Entouré de criminels qui font régner la loi

Sylvain Brunette dit avoir eu très peur lors de son court séjour entre les murs de Bordeaux.

L’amoureux des chats avait déjà séjourné à l’établissement provincial il y a une quinzaine d’années pour un billet de stationnement impayé. Il jure que cette prison n’est plus ce qu’elle était.

«Dès le lendemain de mon arrivée, le comité de détenus m’a accueilli pour m'expliquer le fonctionnement de la place, j’avais peur, ils sont épeurants», a raconté l’homme encore bouleversé.

En quatre jours, M. Brunette affirme avoir vu plusieurs atrocités.

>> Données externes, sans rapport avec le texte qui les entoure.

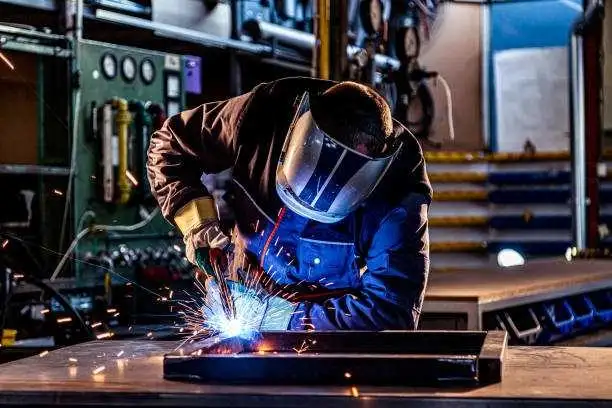 I want Fabricator Mig Welder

Il prétend avoir vu un jeune homme à peine majeur se faire agresser à plusieurs reprises. Il a été témoin de trafic et de consommation de drogue ainsi que de violence.

«Imaginez, moi j’étais là pour avoir gardé mes chats et je ne ferais pas de mal à une mouche», a lancé l’ancien détenu.

Selon l’homme, même la gestion de la nourriture est menée par le comité de détenus, un groupe qui fait la loi à l’intérieur des murs. Les leaders mangeraient à leur faim et les autres prendraient les restes.

M. Brunette a préféré sauter quelques repas et s’en tenir à ses deux cafés par jour, ainsi que des tasses d’eau chaude pour éviter des représailles des membres du comité.

Toujours

Grâce aux membres de sa famille, Sylvain Brunette a recouvré sa liberté après sa troisième nuit. Il devra rembourser sa famille pendant les deux prochaines années, à raison d’environ 60 $ par mois.

Or, il est très reconnaissant d’être sorti de cet enfer. Malgré tout, il continue de garder ses six chats.

«Je ne veux pas partir avant eux, j’ai peur pour leur avenir», a-t-il dit.